In class this week we watched the documentary film entitled Finding Dawn. I have actually had the privilege of watching this film twice prior to this viewing in class, but watching it the third time did not change how powerful the film was for me. Finding Dawn is an important film which sheds light on the issue of the missing First Nations women in British Columbia. What this film raises on a deeper level however, are the major social prejudices and the systemic racism that exists in Canadian society. Although I have not done any extensive research on the missing First Nations women in BC, I have looked at the history of the Canadian legal system and its interactions with and regulating of First Nations women. When I watched Finding Dawn, and reflected on my previous readings of the Canadian justice system, there are clear parallels that exist: the Canadian legal system is racist; the Canadian legal system is sexist; the Canadian legal system is classist. Dawn’s brother, Ernie, made an insightful and very truthful statement during the film: Had the missing women been white, middle-upper class individuals, there would have been a much larger and thorough investigation of the disappearances. This is because the society in which we live privileges white-skinned, middle-upper class folks, and oppresses those folks who do not fit into this mold.

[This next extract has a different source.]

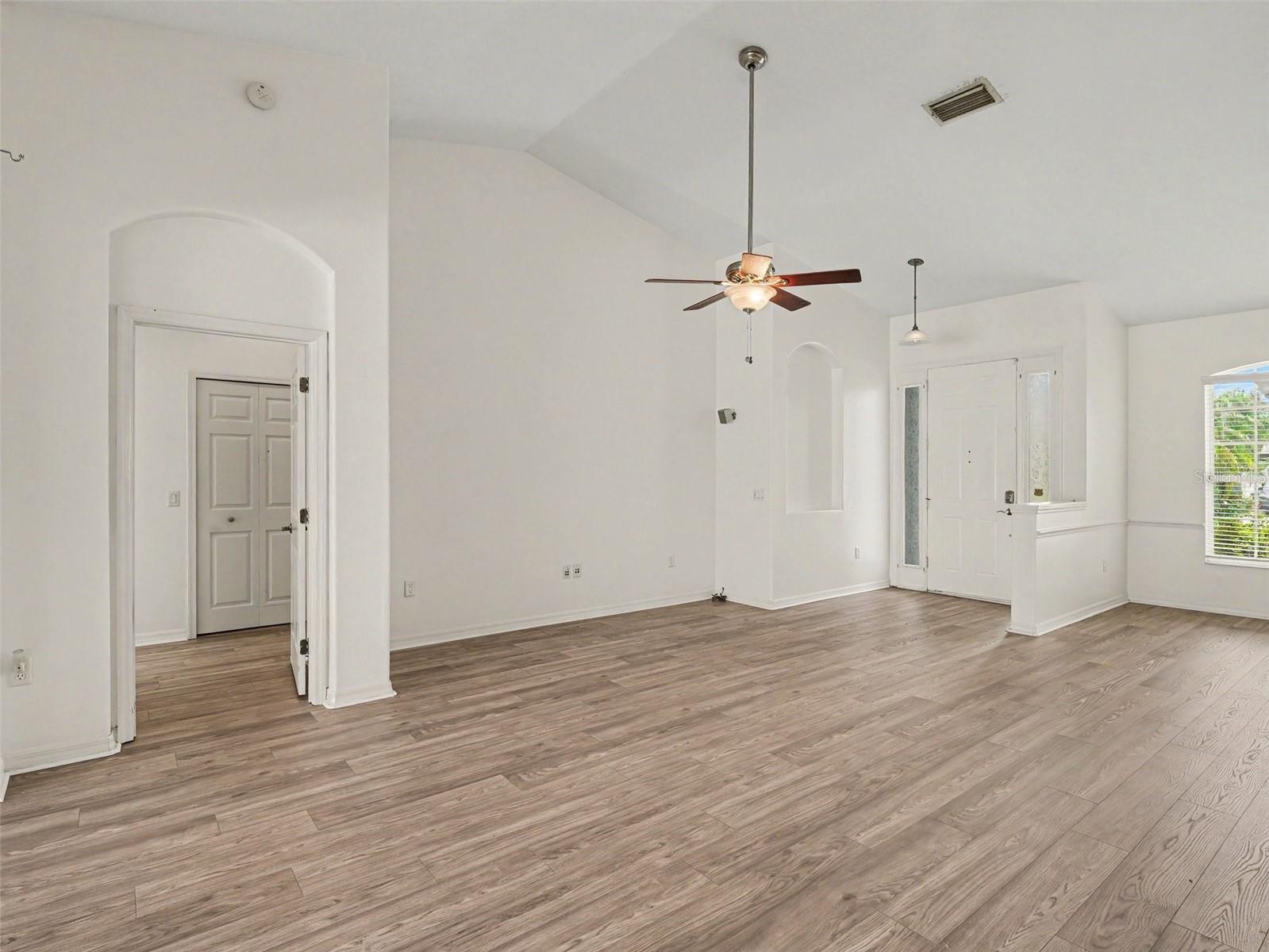 PLANTERS MANOR AT GREENFIELD PLNT III-A - Residential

During the discussion after the film, one of my classmates drew reference from the disappeared First Nations women of BC to the disappeared peoples of South American countries in the 1970s during the ruling military dictatorships. While I had indeed already drawn that connection, in terms of how we are to mourn and grieve the loss of people without knowing their true fate, I began to think about the ways in which the Canadian government parallels the once very powerful military juntas of Latin America. While I would not put these two governing bodies on the same level as one another, there are striking similarities that should not go ignored: i.) both governing bodies contributed to the violation of citizens’ rights, ii.) both governing bodies committed acts of violence to citizens through the implementation of rules/laws.

I found Finding Dawn to be an incredibly emotional film to begin with. And then when my classmate made reference to the difficult process of grieving the loss of someone who has been disappeared, I felt very drained, sad, and angry. It angers me to know that so many lives have been lost because they are not valued the same as other Canadian citizens. Who is the Canadian government, the police, the justice system to make judgement on the value of a person?